Retype the listing below line for line, but only from the line with "BNCWeb is a" down to the line with "There's another option", inclusive. Pictures stay out.

_INPUT DATA_:
++++++
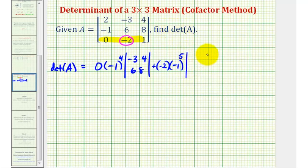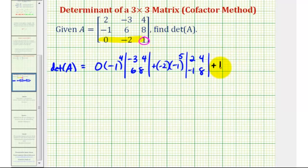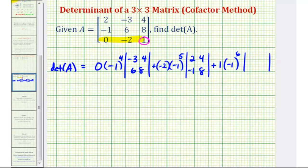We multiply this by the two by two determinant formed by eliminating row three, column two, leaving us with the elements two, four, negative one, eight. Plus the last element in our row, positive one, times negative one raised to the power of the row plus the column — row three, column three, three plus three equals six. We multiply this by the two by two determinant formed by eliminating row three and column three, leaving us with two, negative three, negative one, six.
++++++
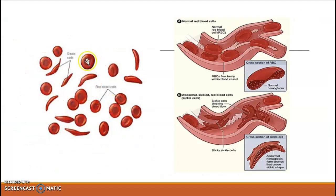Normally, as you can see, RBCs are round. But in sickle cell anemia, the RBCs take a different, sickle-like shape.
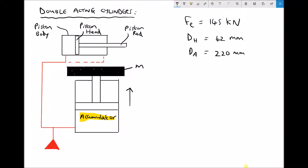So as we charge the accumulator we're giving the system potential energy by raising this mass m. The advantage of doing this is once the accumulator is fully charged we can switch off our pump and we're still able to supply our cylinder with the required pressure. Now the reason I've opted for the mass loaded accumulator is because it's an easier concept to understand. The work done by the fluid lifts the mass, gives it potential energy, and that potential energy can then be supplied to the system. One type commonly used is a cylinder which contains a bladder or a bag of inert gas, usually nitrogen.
++++++
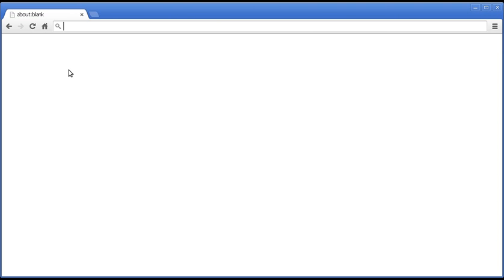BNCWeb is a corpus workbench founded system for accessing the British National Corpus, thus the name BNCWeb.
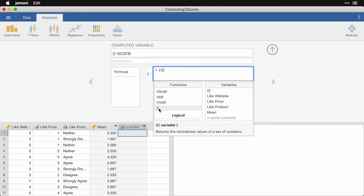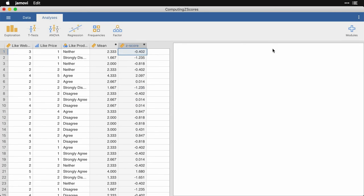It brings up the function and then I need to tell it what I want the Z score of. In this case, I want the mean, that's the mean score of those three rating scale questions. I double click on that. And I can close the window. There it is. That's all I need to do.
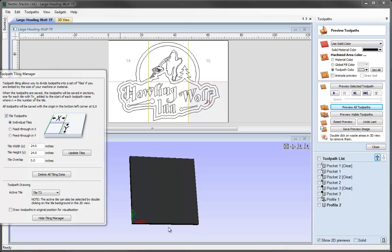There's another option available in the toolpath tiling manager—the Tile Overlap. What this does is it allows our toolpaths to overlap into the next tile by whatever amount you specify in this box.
++++++
_RESPONSE TO THIS EXERCISE_:
BNCWeb is a corpus workbench founded system for accessing the British National Corpus, thus the name BNCWeb.
It brings up the function and then I need to tell it what I want the Z score of. In this case, I want the mean, that's the mean score of those three rating scale questions. I double click on that. And I can close the window. There it is. That's all I need to do.
There's another option available in the toolpath tiling manager—the Tile Overlap. What this does is it allows our toolpaths to overlap into the next tile by whatever amount you specify in this box.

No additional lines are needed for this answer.